Last month, an unofficial aerial count along the Mississippi River by wildlife officials revealed at least 36 active nests in the 72-mile stretch from Elk River to Hastings. That compares to 28 last year and 30 in 2010, said Bill Route, an eagle project manager for the Park Service.
"The eagle population is increasing and highly productive" in the area, said Route, who cautioned that aerial counting isn't an exact science.
Each eagle pair in the area generally produces two eaglets a year, according to a Minneapolis Star Tribune report (http://bit.ly/Idbzgb ). But many nests between St. Paul and Hastings have three eaglets, Route said, which means the river is clean enough to produce plenty of fish and fowl.
Eagles generally return to the same nest each spring.
The Park Service found high eagle reproduction rates in the Twin Cities area, along the St. Croix River and in the Apostle Islands on Lake Superior.
John Moriarty, a Ramsey County Parks natural resources manager, said all the existing nests he saw during an aerial count last month were full, and he spotted four new ones as well.

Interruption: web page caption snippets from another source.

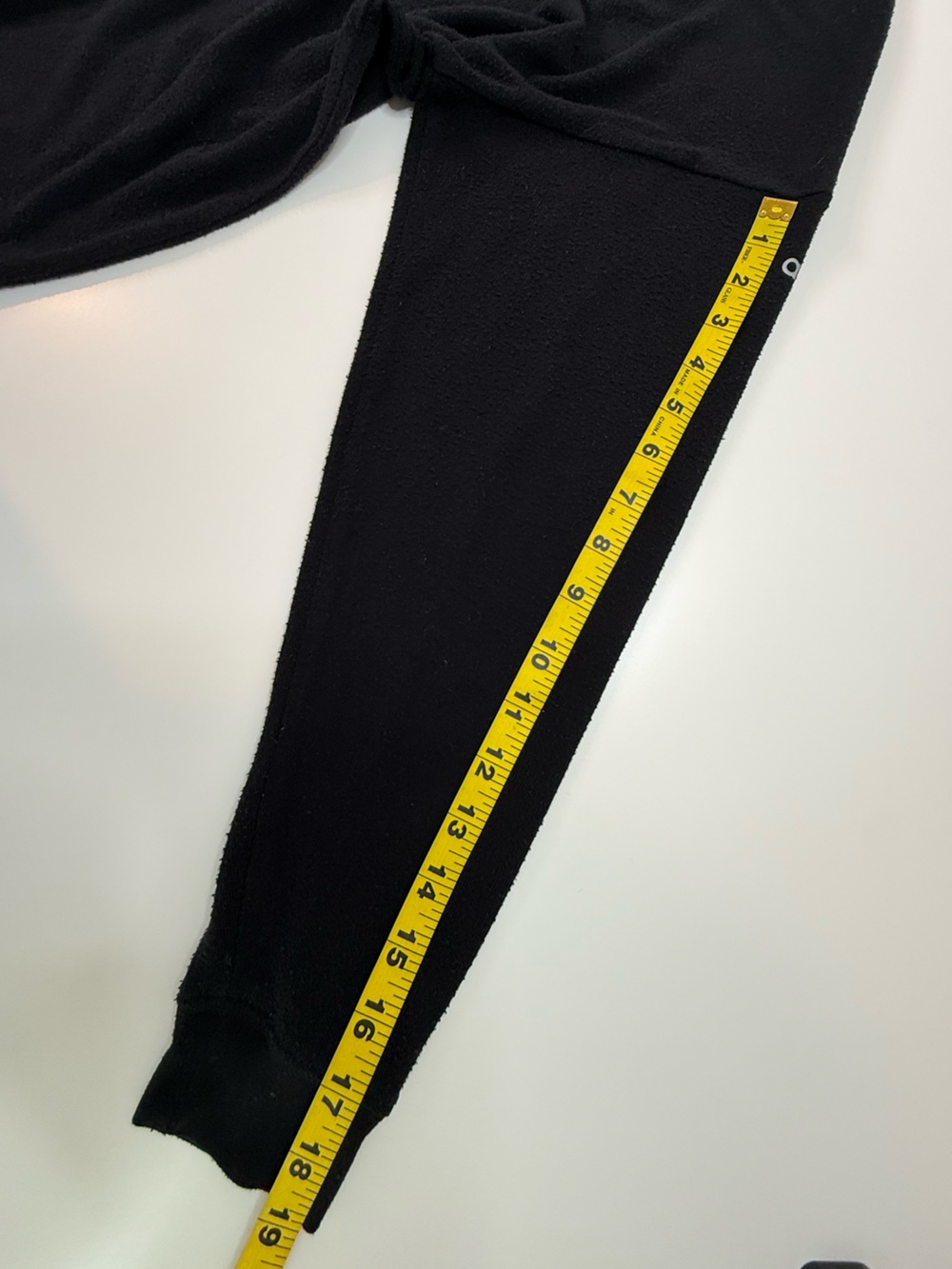 ALO Yoga | Soho Crewneck Sweatshirt | Black | Size Medium - Picture 11 of 12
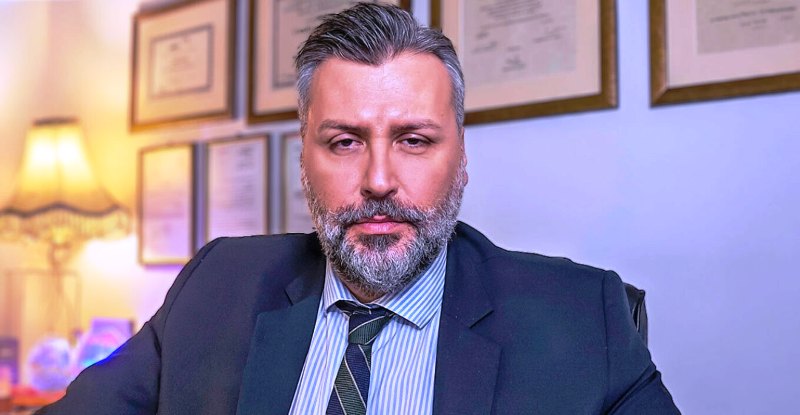 Διαψεύδει τον Γιάννη Καλλιάνο ο γιατρός του πατέρα του για το φακελάκι με τα 500 ευρώ - «Εξωφρενικό ψεύδος, θα προσφύγω στη Δικαιοσύνη»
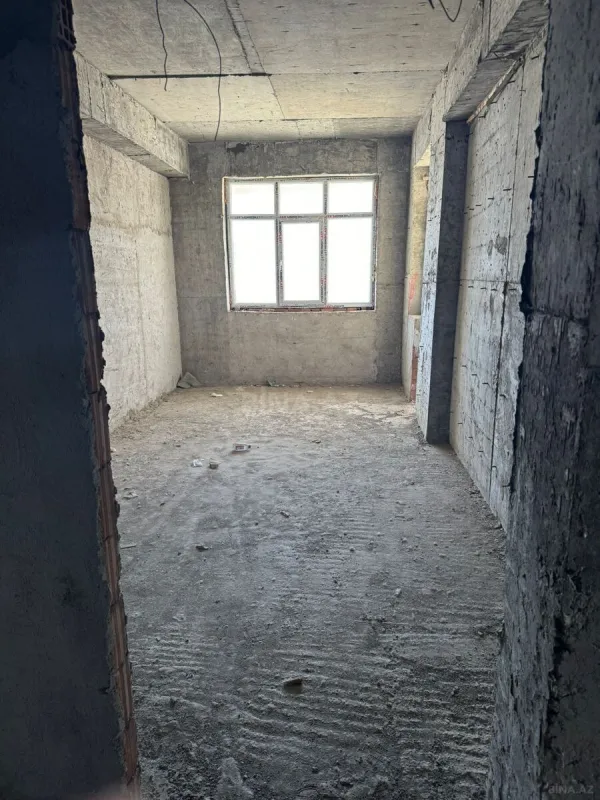 Satılır 4 otaqlı mənzil 181 m²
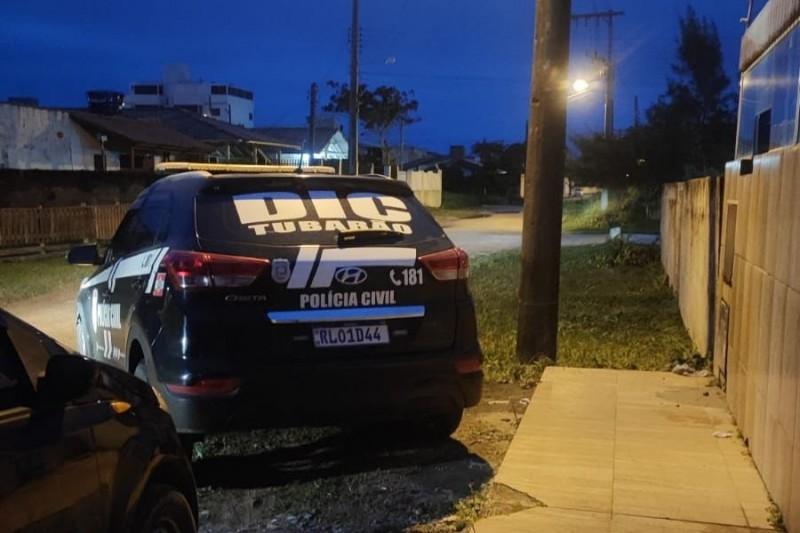 Grupo acusado de cárcere privado, tortura e homicídio é alvo da polícia em Laguna
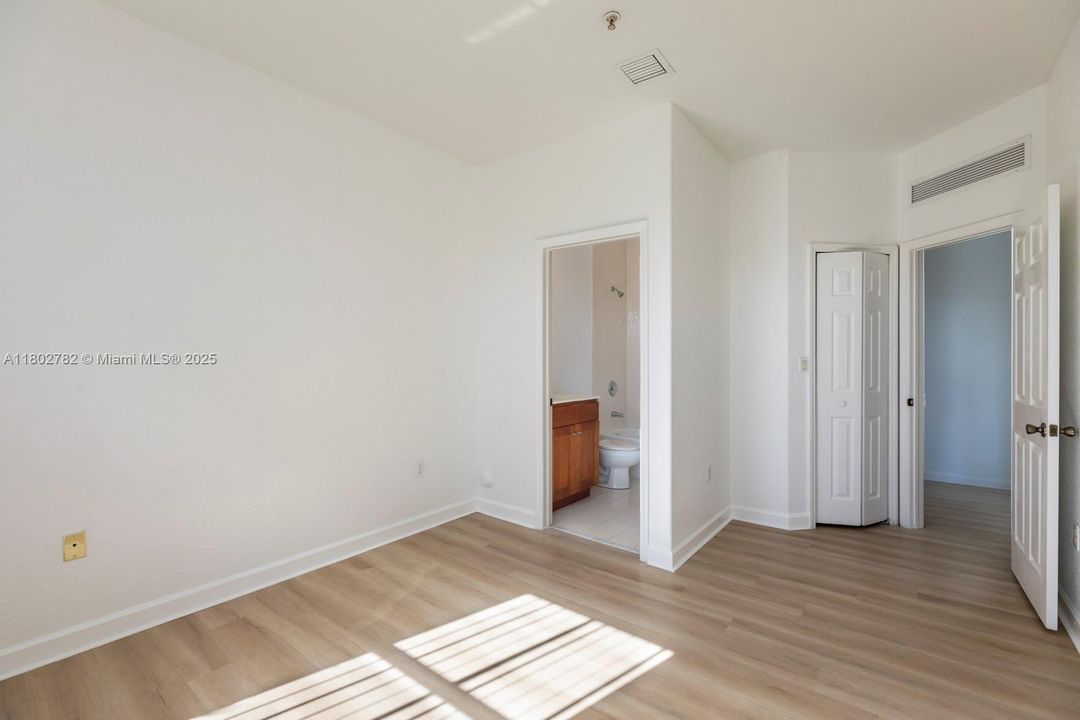 For Sale: $370,000 (2 beds, 2 baths, 1205 Square Feet)
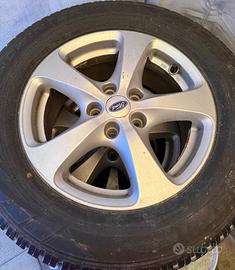 4 cerchi in lega Ford e 4 prneumatici invernali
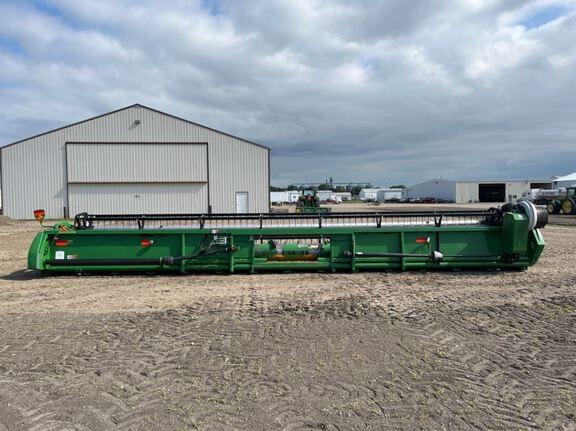 Image of John Deere 635F equipment image 4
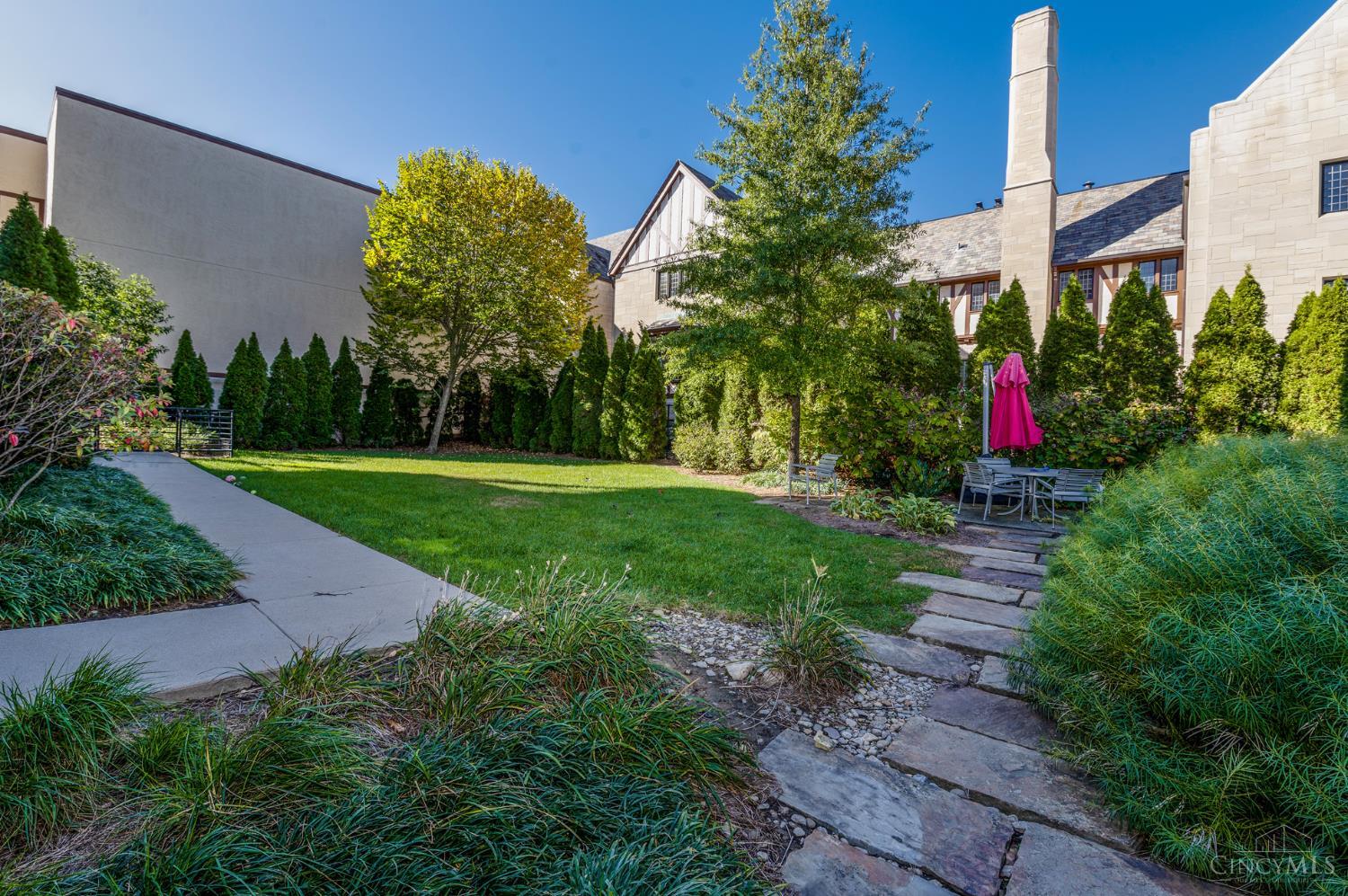 2770 Observatory Avenue 204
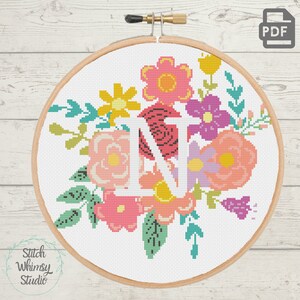 N inicial monograma carta flores bebê menina berçário moderno ponto cruz padrão floral buquê pdf download digital instantâneo a1005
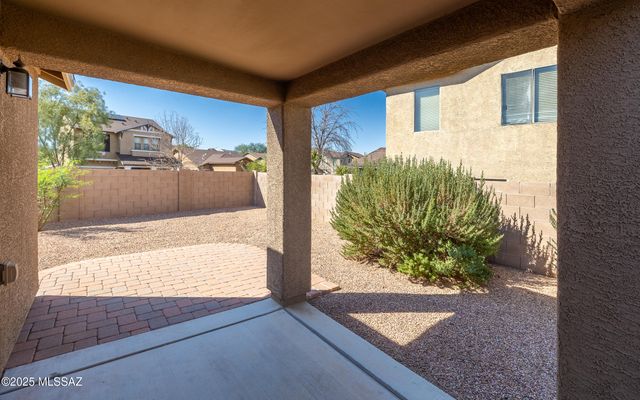 5283 E Desert Straw Lane, Tucson, AZ 85756
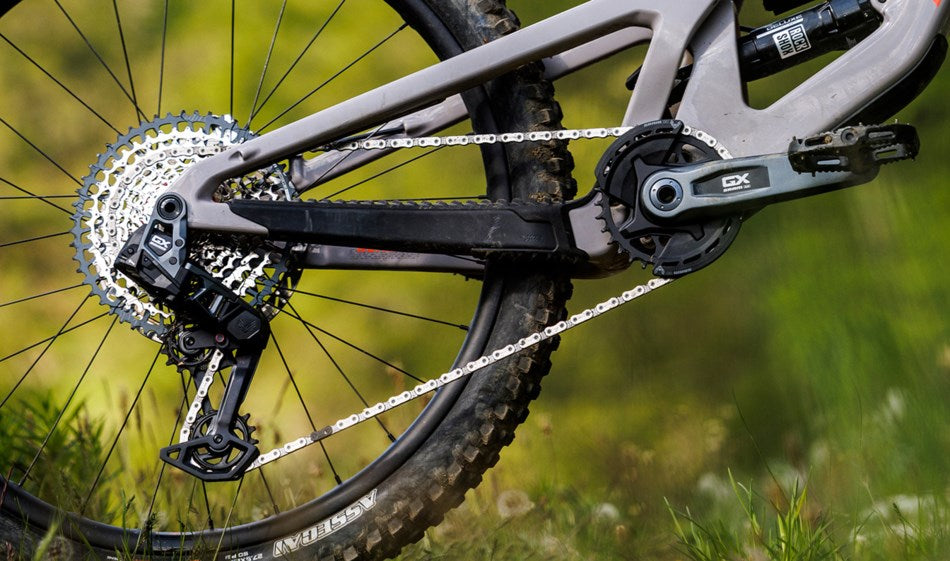 SRAM GX Eagle perdavimo T tipo 12 pavarų grandinė – sidabrinė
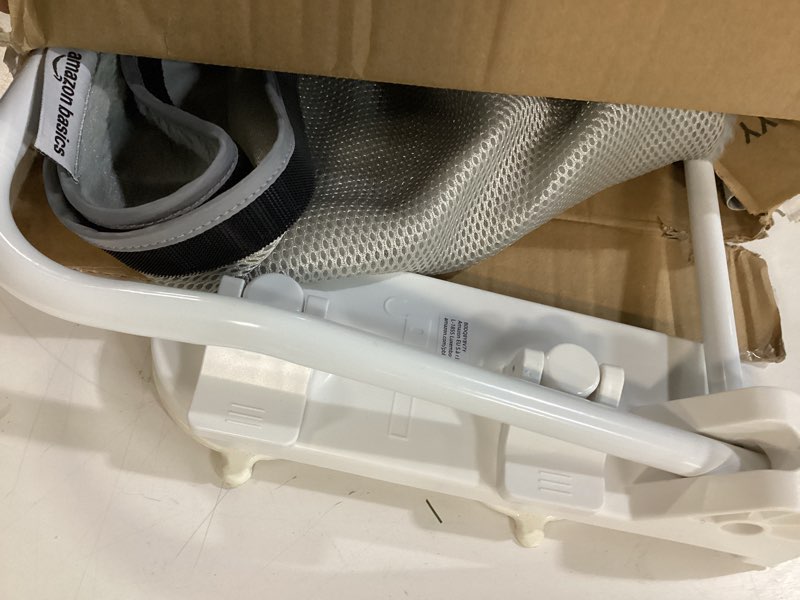 Condition photo showing Good Condition for amazon basic cat window perch 1pack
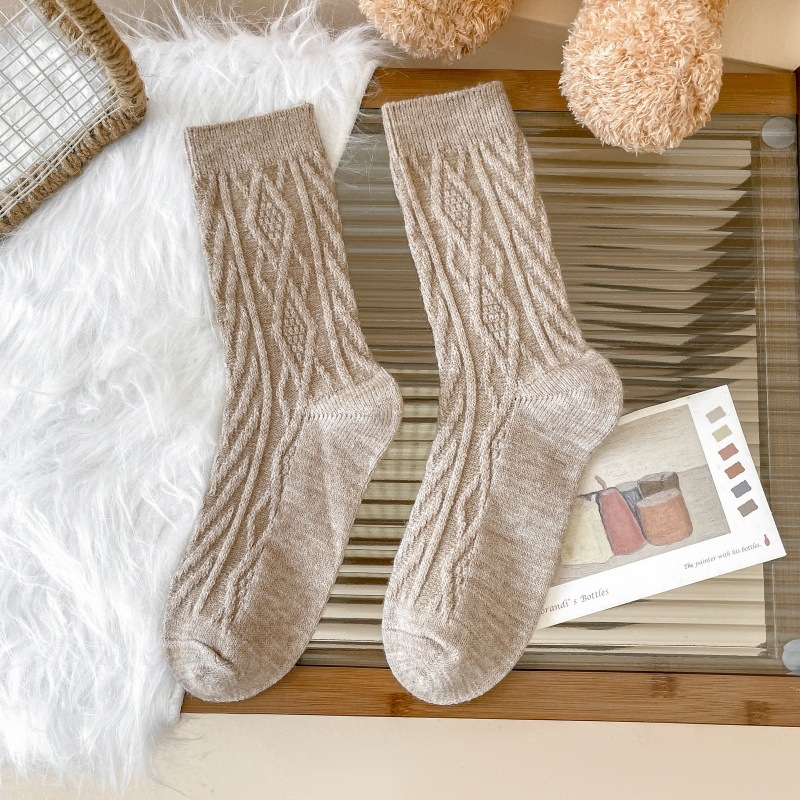 Sievietēm vidēja garuma zeķes – diamenta raksts, siltuma saglabāšana, sviedru uzsūkšana, divkāršā adījuma pavediens, 80–90% poliesters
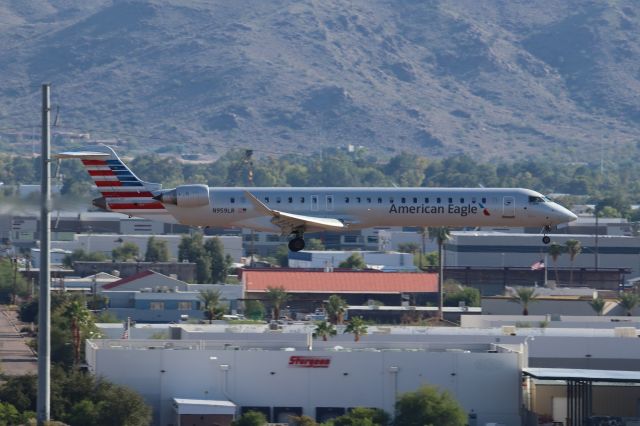Canadair Regional Jet CRJ-900 (N959LR)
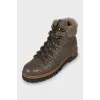 Insulated boots with fur upper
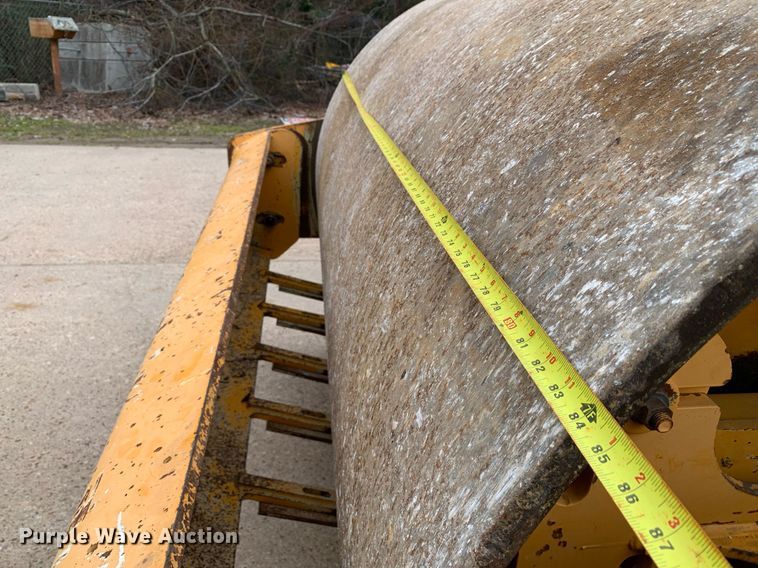 image for item DM7742 2005 Ingersoll Rand  SD100D single drum vibratory roller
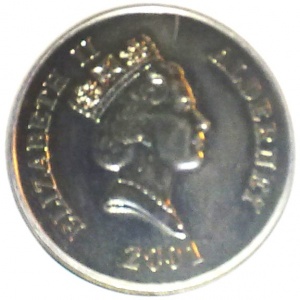 Аверс монеты Олдерни, 5 фунтов, 2001, 75 лет со дня рождения Королевы Елизаветы II
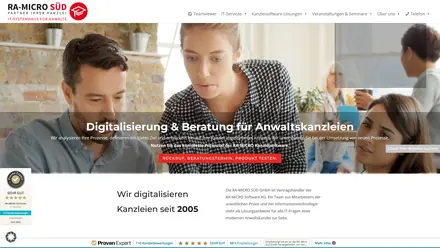 Startseite von RA-MICRO SÜD: Foto eines Beratungsgesprächs, darüber die Überschrift Digitalisierung und Beratung für Anwaltskanzleien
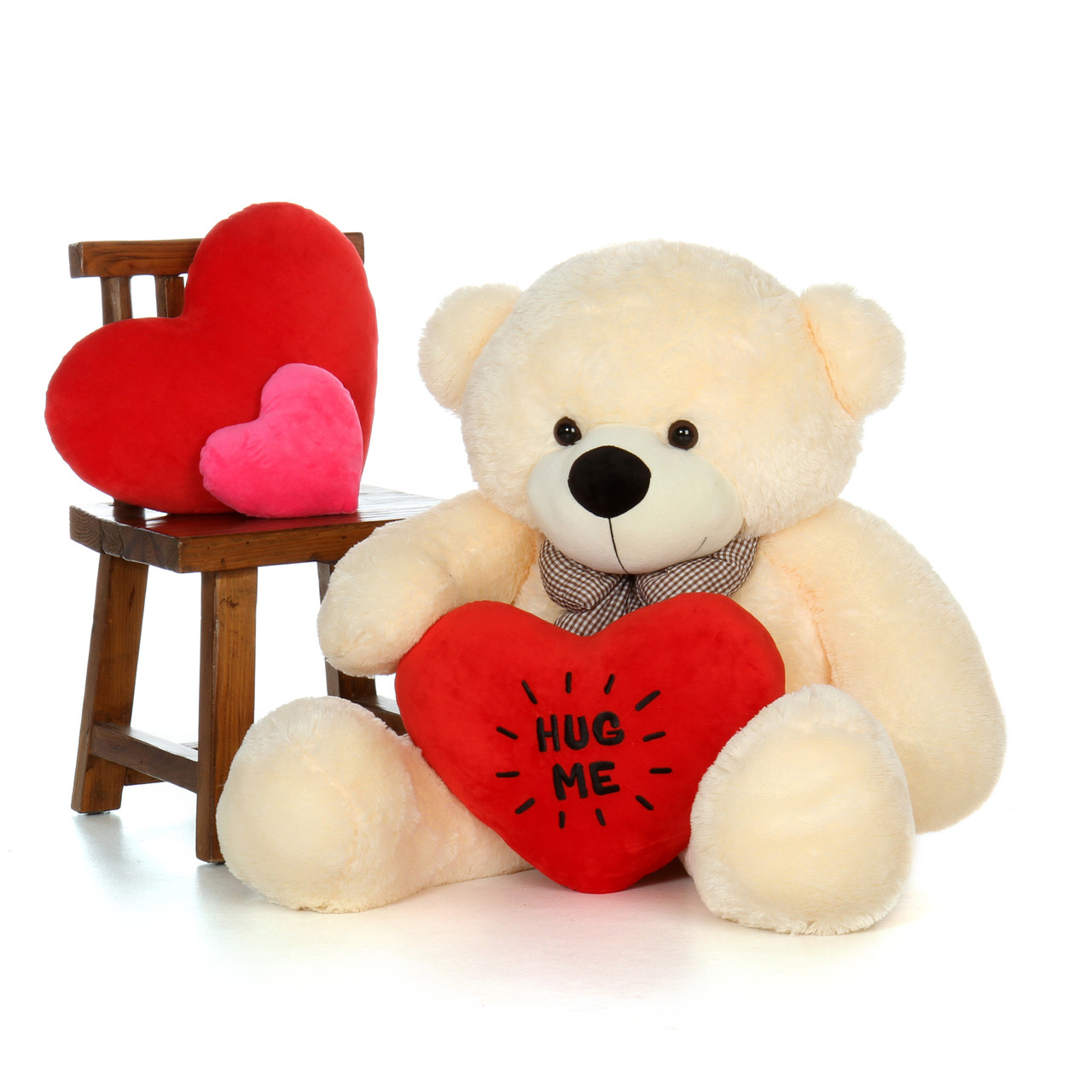 giant valentines day teddy bear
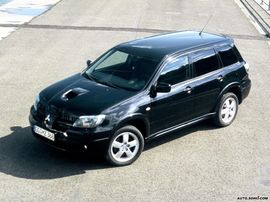 2004款三菱Outlander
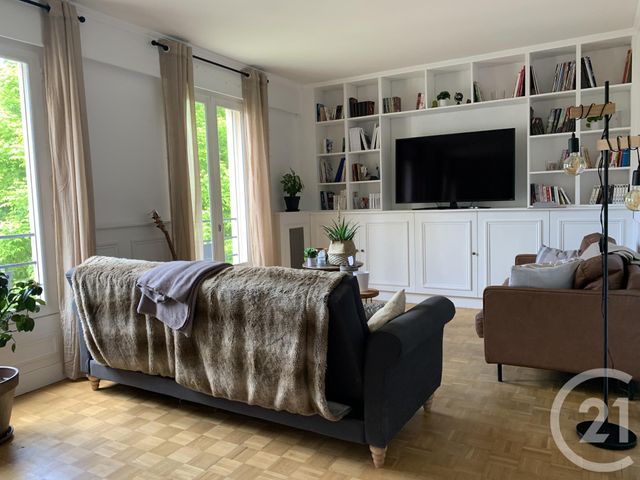 Appartement Triplex &agrave; louer - 5 pi&egrave;ces - 114,46 m2 - Chartres - 28 - CENTRE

The early numbers are encouraging, because they're only from counts along the river and don't include the eagle pairs that nest away from the river, said Mark Martell, bird conservation director for the Minnesota Audubon Society.
"Overall, they seem to be doing very well," he said of the eagles. " ... They are showing up all over the place."
Siah St. Clair, director of the Springbrook Nature Center in Fridley, said the warm winter also helped, as it left the river open for eagles to fish instead of forcing them to fly south in search of open water.
Within the next two months, the Park Service plans another helicopter flight over the Mississippi corridor to count the number of eaglets in each nest, Route said.